In the records below, find the line holding "Volunteers making a"; copy it and every line after it to the end, omitting all images.

-- Record set --
--- START ---

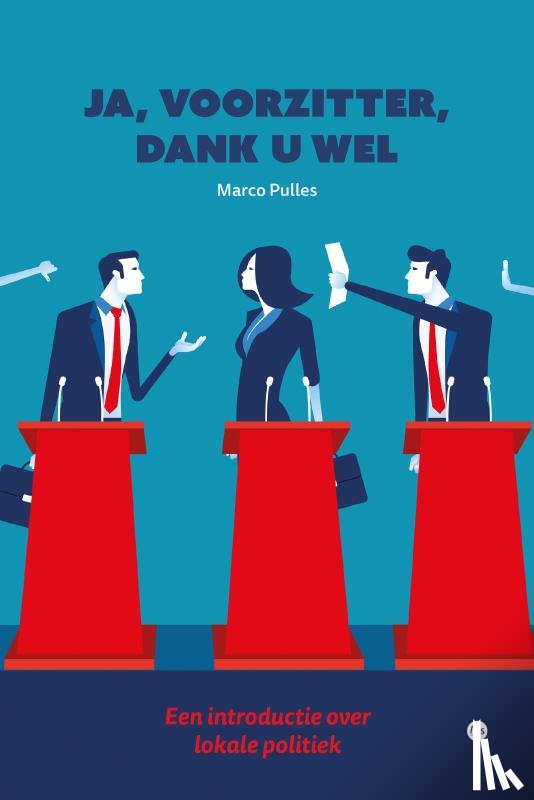 Pulles, Marco - Ja, voorzitter, dank u wel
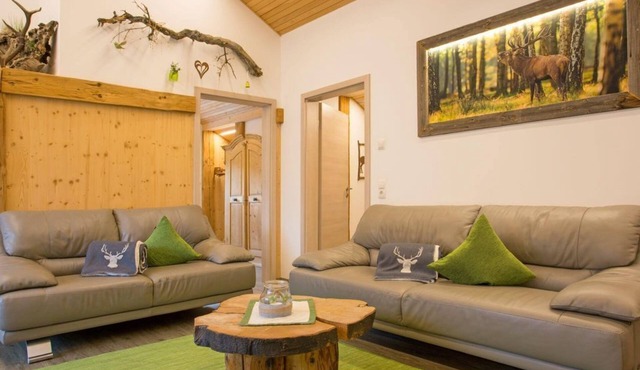 Chalet Platzhirsch - Village chalet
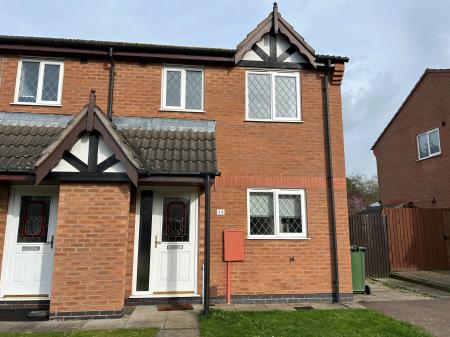 Marigold Crescent, Melton Mowbray, LE13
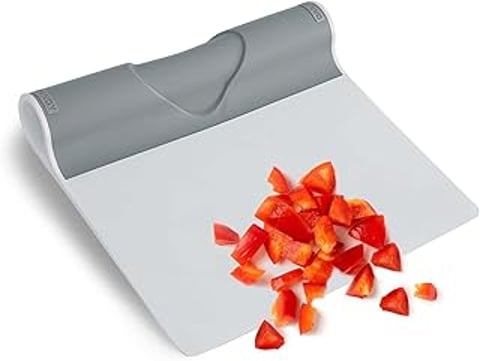 A Dandy Scooper Duper Multi Purpose Folding Food.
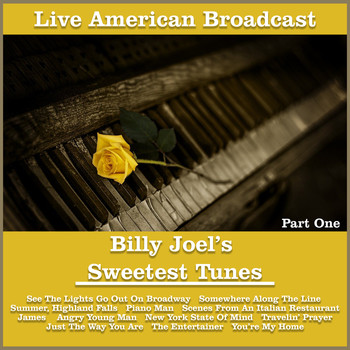 Billy Joel - Billy Joel's Sweetest Tunes - Part One (Live)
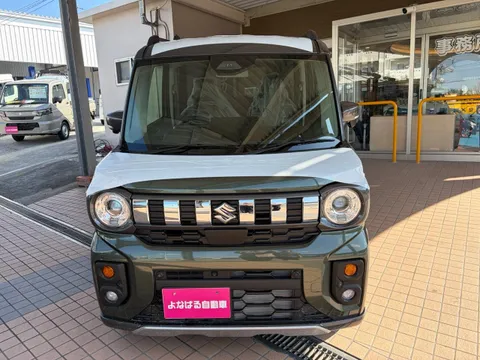 Suzuki Spacia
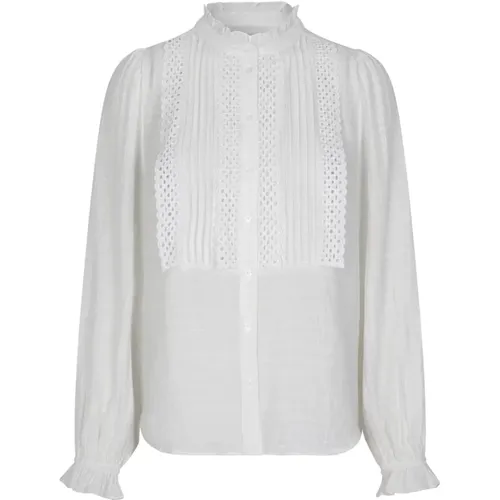 Blouses & Shirts > Shirts - - Lollys Laundry - Modalova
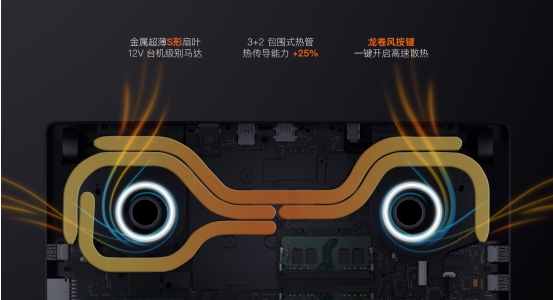 小米游戲本新品重磅發(fā)布，最高搭載RTX?2060顯卡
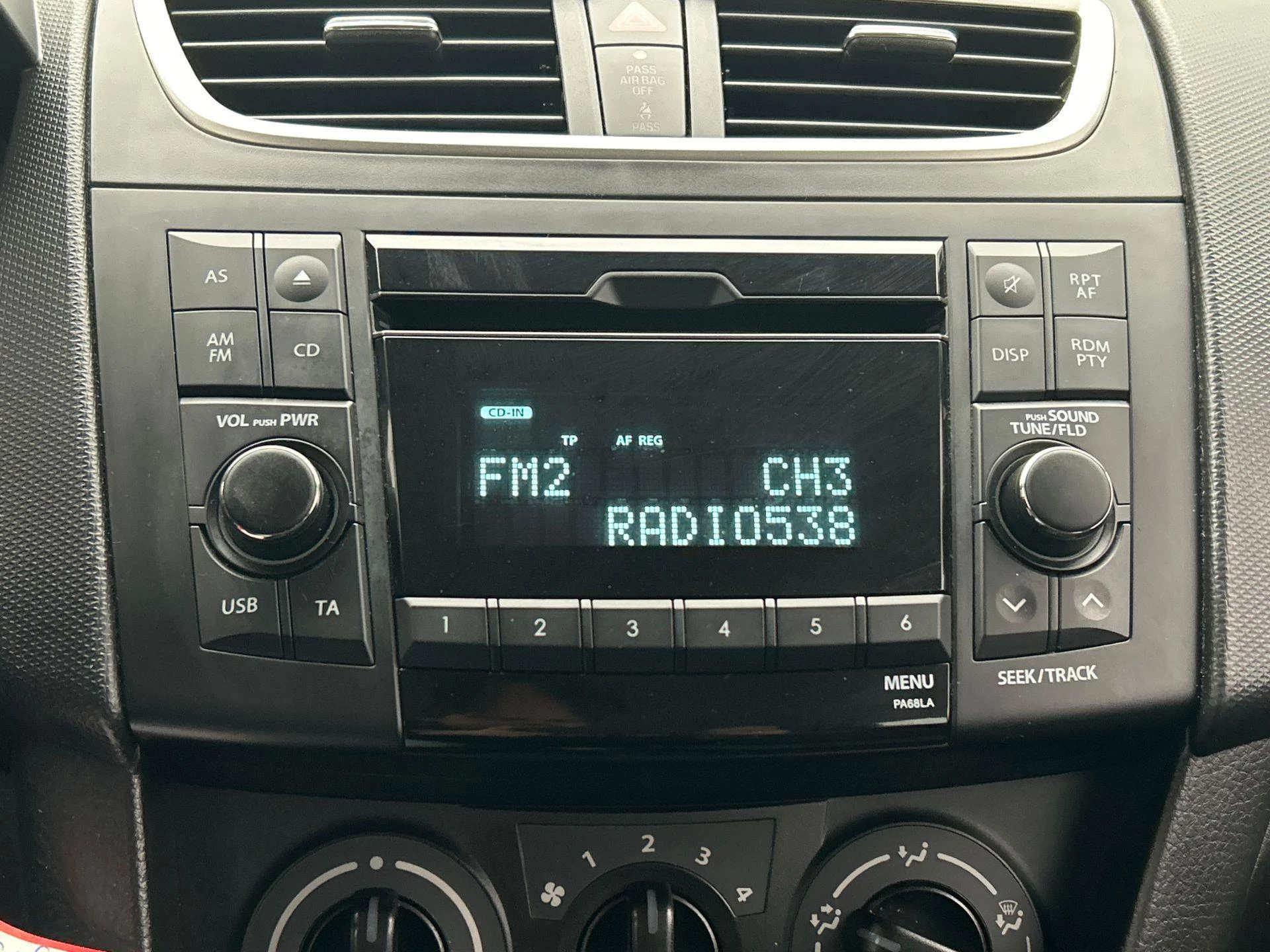 Hoofdafbeelding Suzuki Swift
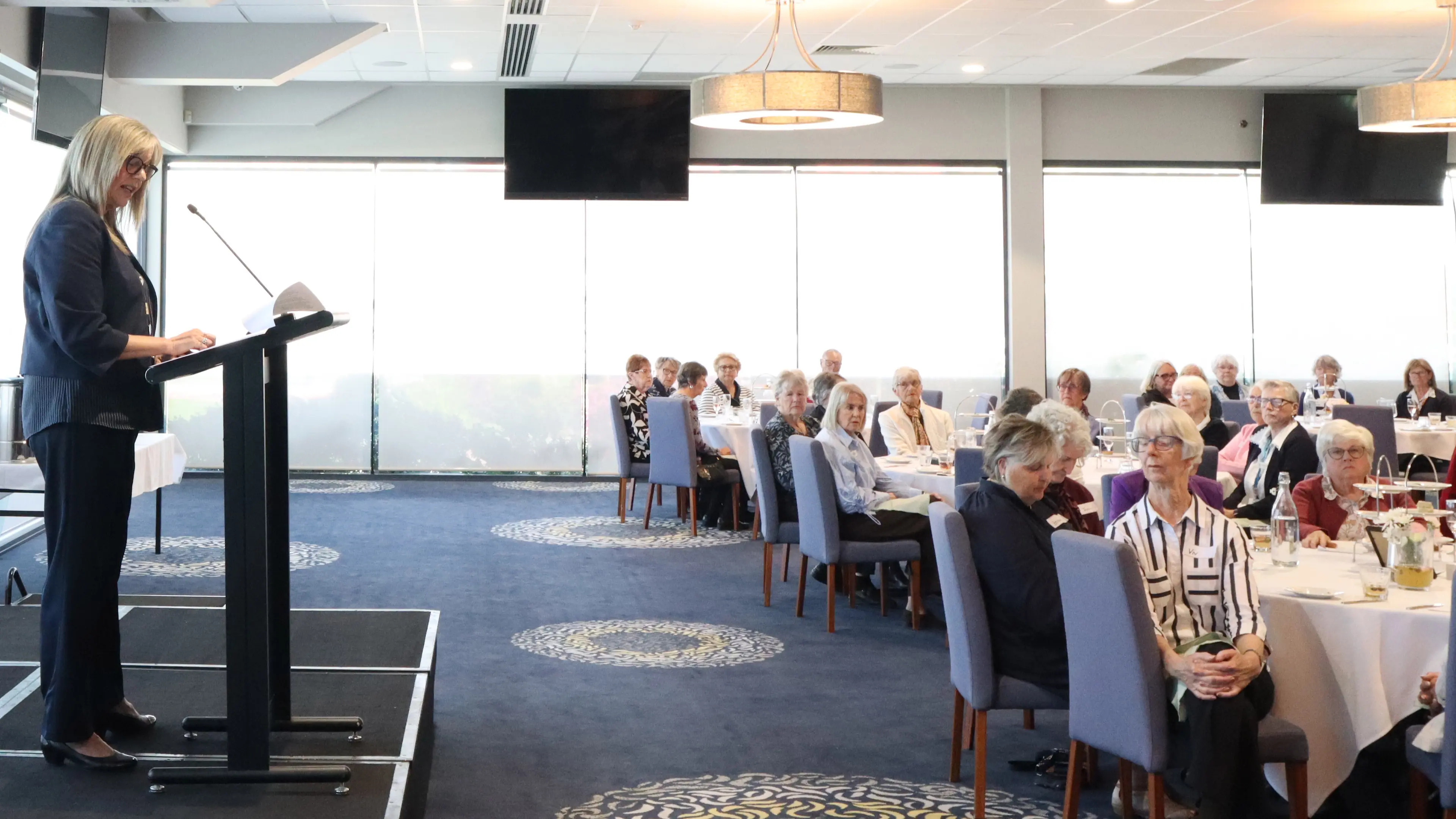 Volunteers making a difference at Northeast Health Wangaratta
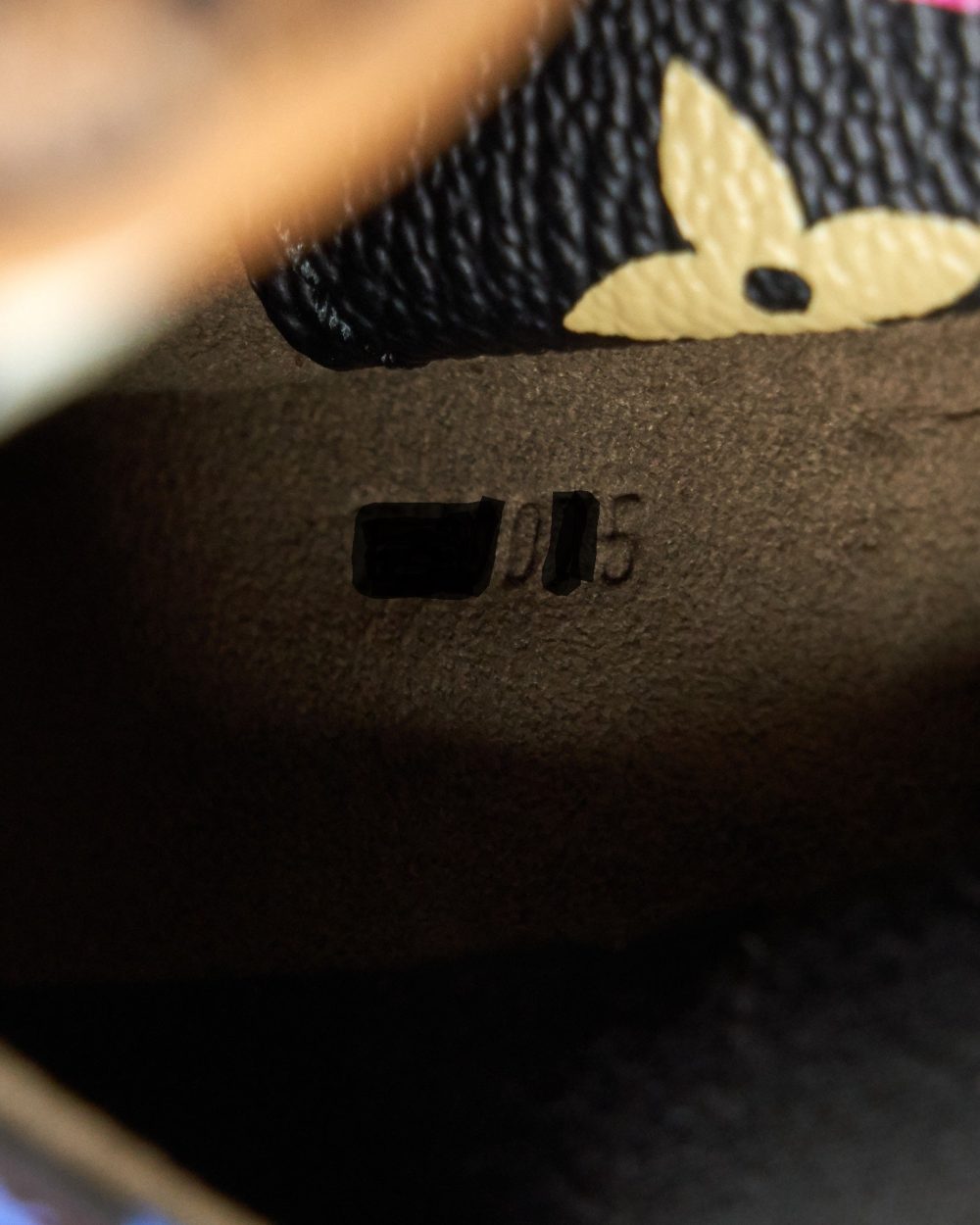 AAA Replica Louis Vuitton LV RIFT CROSSBODY BAG IN BLACK MULTICOLOR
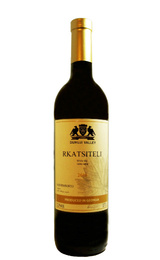 Вино Duruji Valley Rkatsiteli 2017 0,75 л
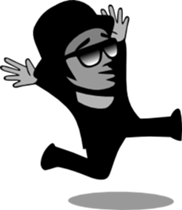 sunglasses people vol.12 sticker #1483511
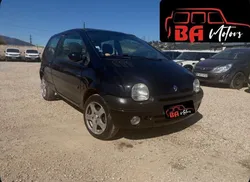 Twingo 1 phase 2 boîte automatique édition perrier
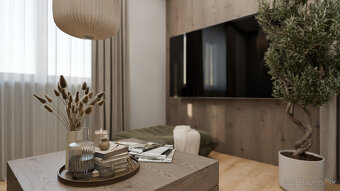 Moderný byt s otvorenou dispozíciou v novostavbe | Rezidenci - 12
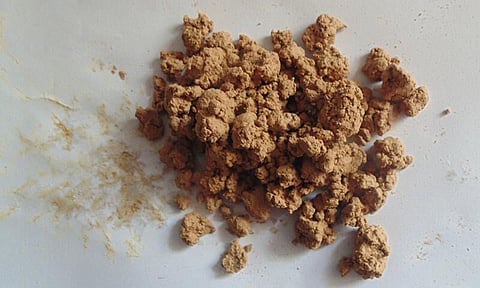 মণিপুৰঃ কাৰখানাৰ পৰা জব্দ ২০০ কোটি টকাৰ ব্ৰাউন চুগাৰ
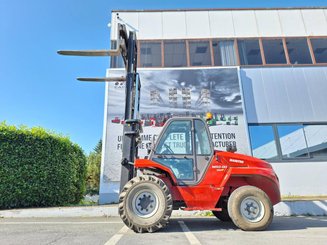 Carretilla todoterreno Manitou M50-2 H - 8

--- END ---

-- Answer for the task --
 Volunteers making a difference at Northeast Health Wangaratta
 AAA Replica Louis Vuitton LV RIFT CROSSBODY BAG IN BLACK MULTICOLOR
 Вино Duruji Valley Rkatsiteli 2017 0,75 л
 sunglasses people vol.12 sticker #1483511
 Twingo 1 phase 2 boîte automatique édition perrier
 Moderný byt s otvorenou dispozíciou v novostavbe | Rezidenci - 12
 মণিপুৰঃ কাৰখানাৰ পৰা জব্দ ২০০ কোটি টকাৰ ব্ৰাউন চুগাৰ
 Carretilla todoterreno Manitou M50-2 H - 8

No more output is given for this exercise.